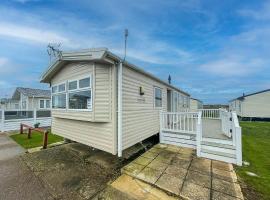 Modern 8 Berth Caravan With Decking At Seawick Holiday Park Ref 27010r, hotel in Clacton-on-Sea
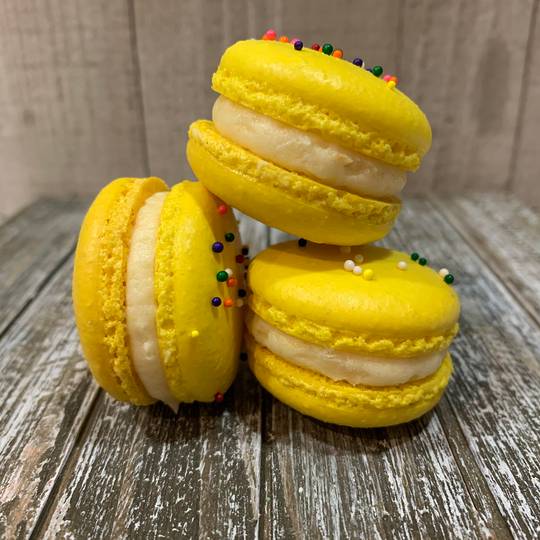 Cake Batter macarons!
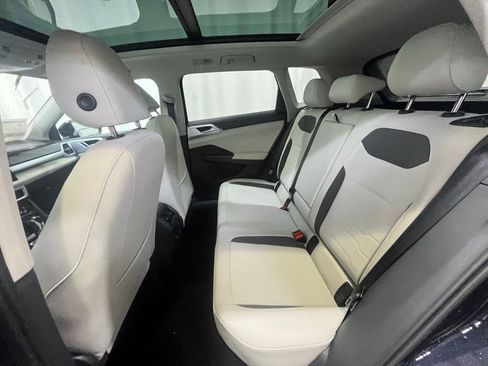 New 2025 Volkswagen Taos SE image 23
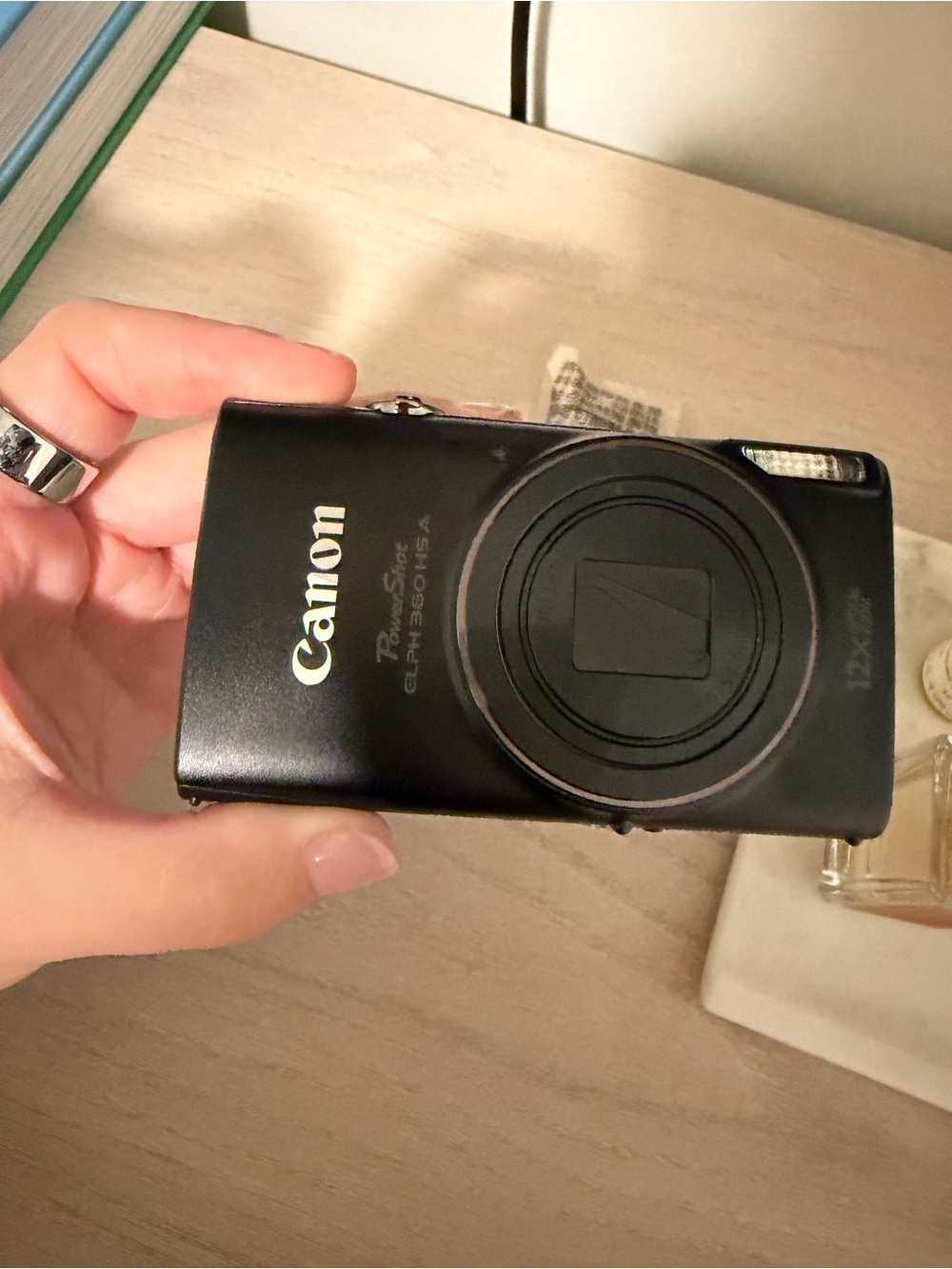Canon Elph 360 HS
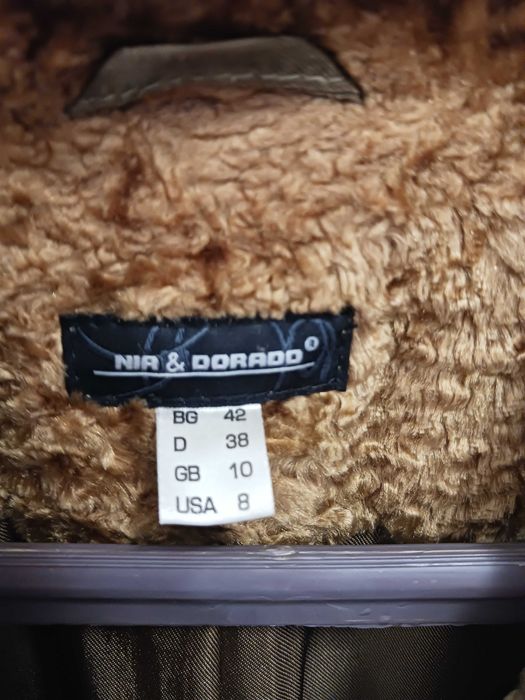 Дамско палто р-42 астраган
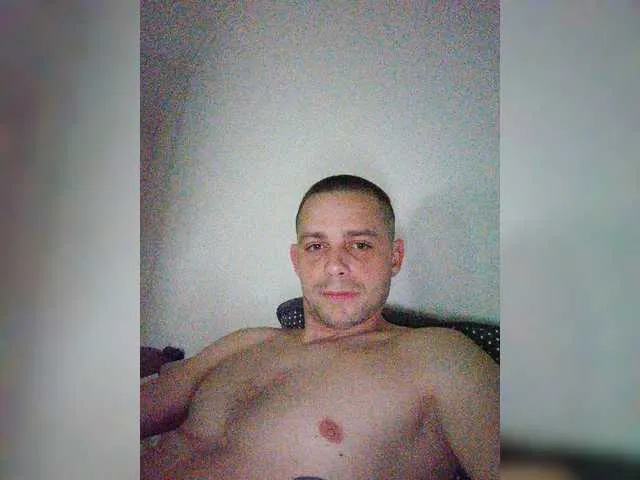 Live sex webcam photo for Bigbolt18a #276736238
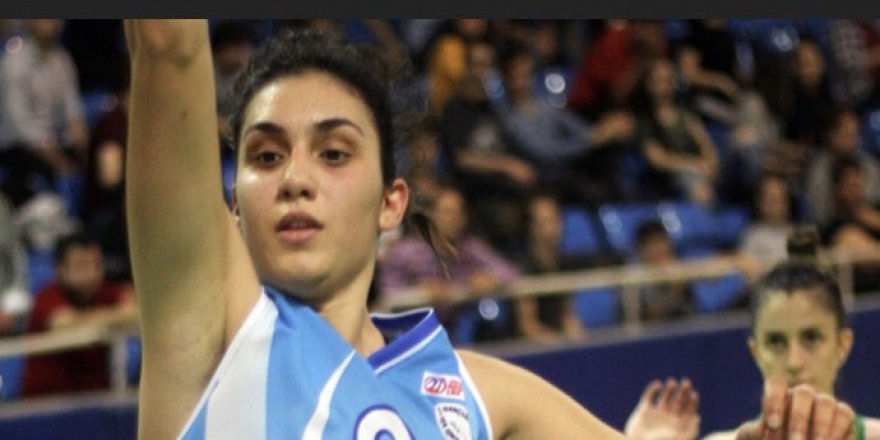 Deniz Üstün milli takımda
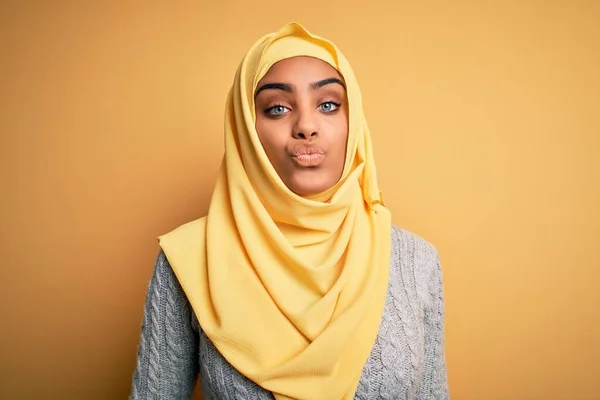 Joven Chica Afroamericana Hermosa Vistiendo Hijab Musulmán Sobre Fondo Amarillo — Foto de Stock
========
Task goal -
Return the entries above exactly and in full; do not include images.

Output for this task -
 Modern 8 Berth Caravan With Decking At Seawick Holiday Park Ref 27010r, hotel in Clacton-on-Sea
 Cake Batter macarons!
 New 2025 Volkswagen Taos SE image 23
Canon Elph 360 HS
 Дамско палто р-42 астраган
 Live sex webcam photo for Bigbolt18a #276736238
 Deniz Üstün milli takımda
 Joven Chica Afroamericana Hermosa Vistiendo Hijab Musulmán Sobre Fondo Amarillo — Foto de Stock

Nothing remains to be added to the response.